Main Outcome Measures
Resolution of airway symptoms from laryngomalacia and associated SAL.

Results
Ninety patients (38.6%) underwent rigid endoscopy, and 12 patients (5.2%) required epiglottoplasty. Synchronous airway lesions were discovered in 44 patients (18.9%). Eleven patients (4.7%) had SALs that were considered clinically significant; nine (3.9%) of these required surgical intervention.

Conclusions
Rigid endoscopy in evaluation of an infant with laryngomalacia is rarely necessary.
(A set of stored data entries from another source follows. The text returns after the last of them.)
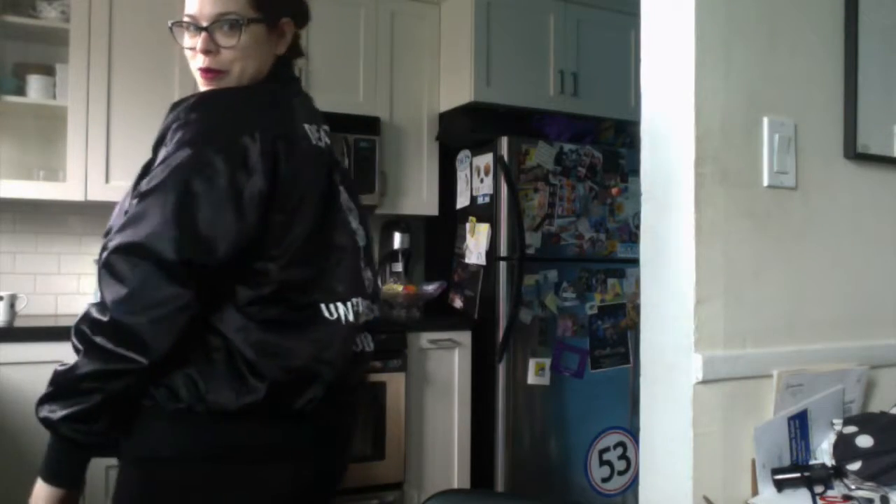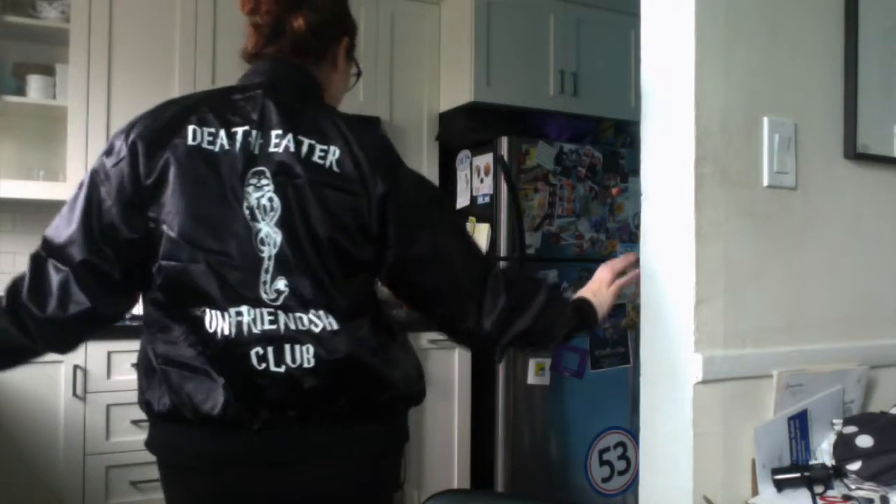How cool am I? I feel like such a rebel. Awesome! So that's my Death Eater Unfriendship Club jacket.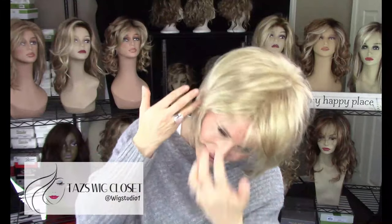The bangs are kind of fun — these dirty, wispy textured bangs. You can sweep them off to the side.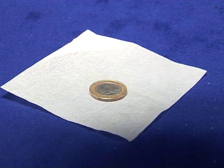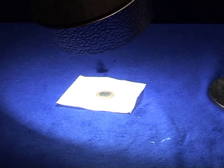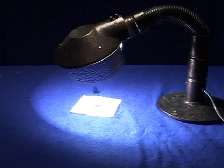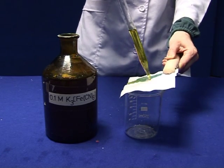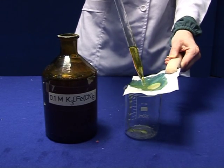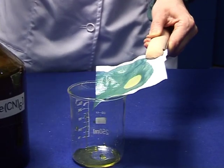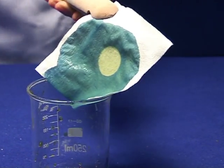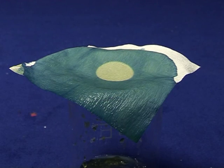After drying the filter paper in a furnace for a few minutes, place an opaque object on the paper and irradiate it for a few minutes using a light source. Take the filter paper from under the light source and wet it with potassium ferric cyanide using a pipette. Bear in mind that this ferric cyanide solution is poisonous. Record your observations.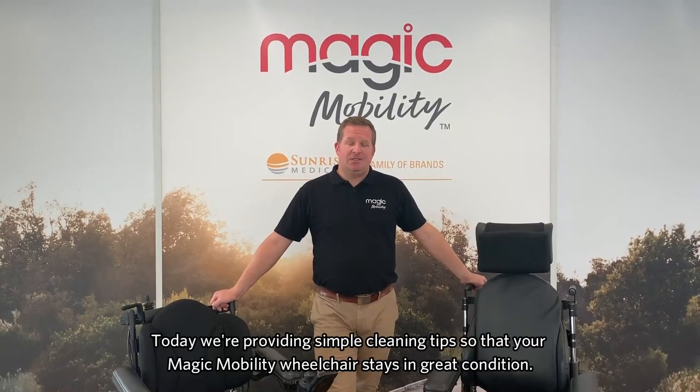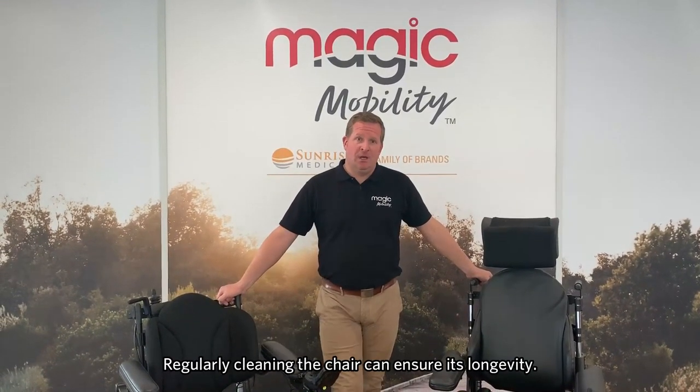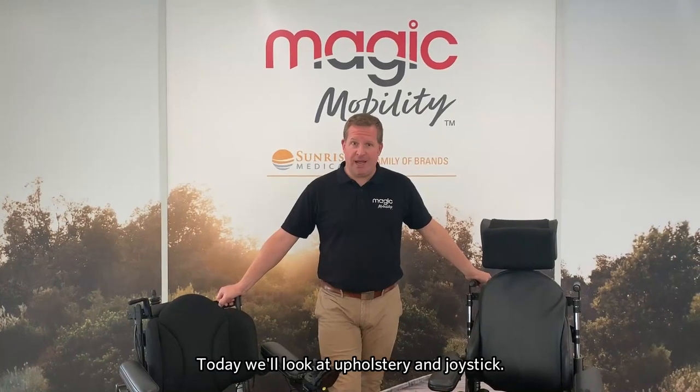Hi, I'm Scott, one of the rehab engineers here at Magic Mobility. Today we're going to go through some simple cleaning tips to ensure that your Magic Mobility chair is kept in great condition. Regularly cleaning the chair can ensure its longevity, and today we're going to go through the upholstery and the joystick.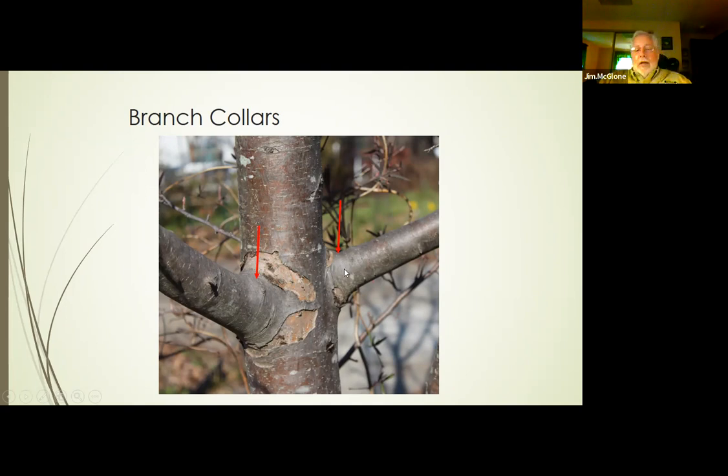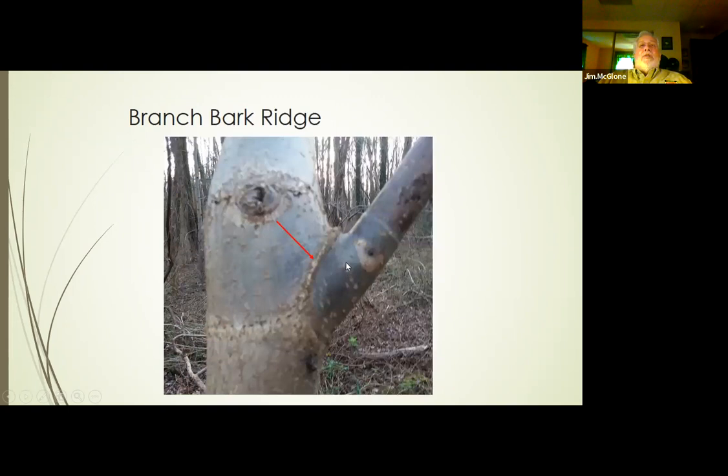The branch collar is visible as the swelling at the base of the branch. When we prune, we must maintain all the good biological preparation the tree has evolved — so we want to make sure we keep that branch collar. The branch collar isn't always visible, so we also look for the branch bark ridge, where the bark of the parent stem and the lateral stem come together. If it's a good branch union, that bark creates a ridge by growing against each other. Bad branch unions do not have it.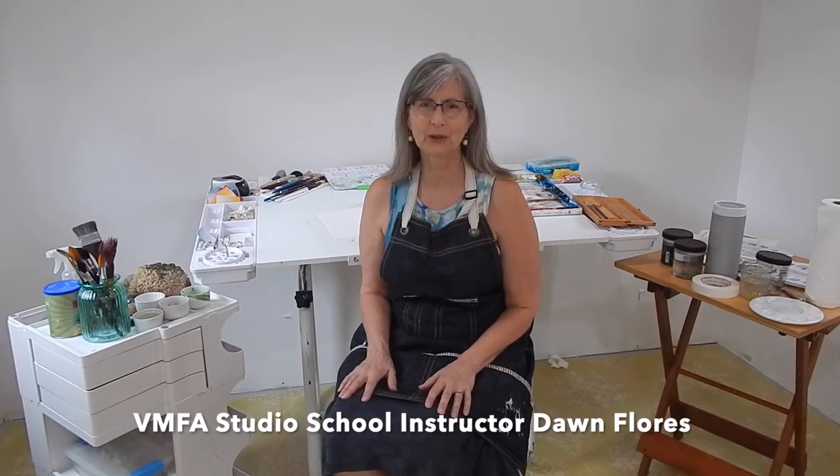Hello students, I hope you're all doing well. Today we're going to explore techniques: wet on dry, wet into wet, allowing things to bleed, and building up of glazes. I'm going to demonstrate by painting two of my favorite things — watermelon and mangoes.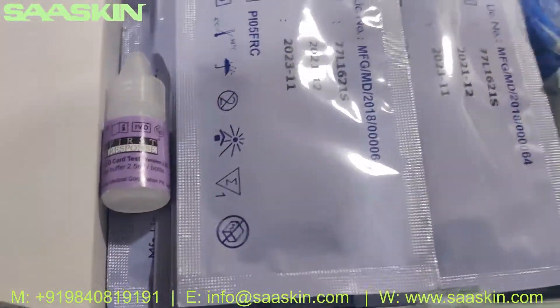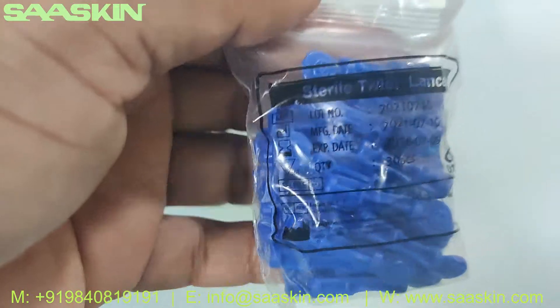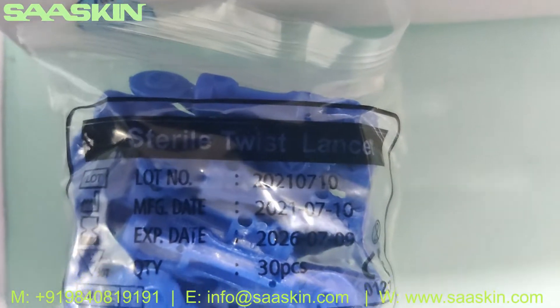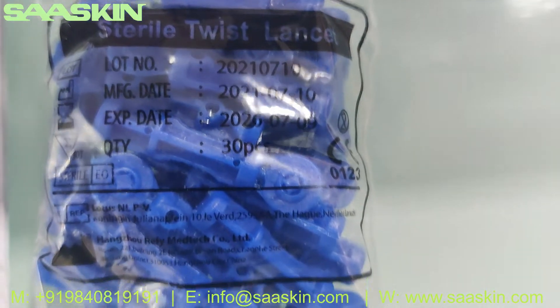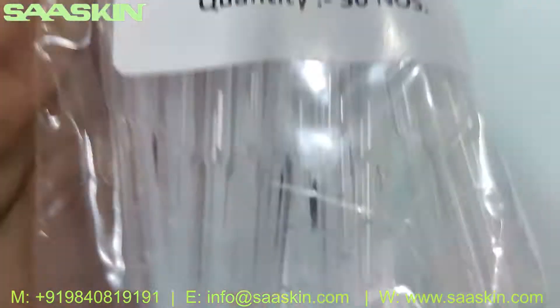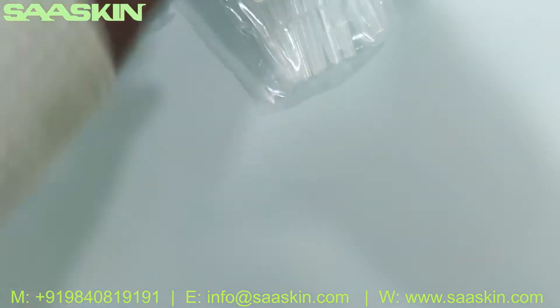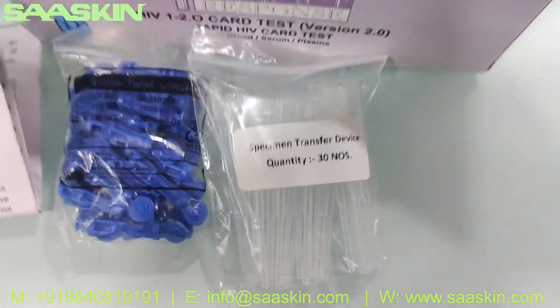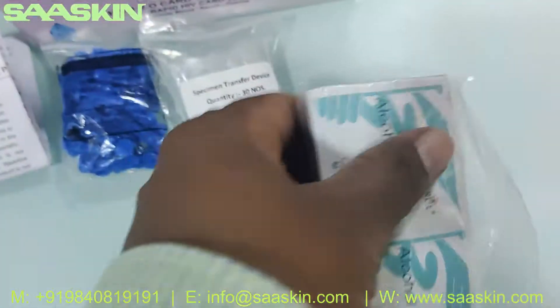Inside the box you get 30 sterile lancets. You also have 30 specimen transfer devices and 30 alcohol swabs.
Clinically significant SALs requiring surgical intervention are uncommon. Surgical intervention for laryngomalacia also is rarely necessary.

(Arch Otolaryngol Head Neck Surg. 1996;122:302-306)



Author Affiliations

From the Department of Otolaryngology–Head and Neck Surgery, Children's National Medical Center, George Washington University, Washington, DC.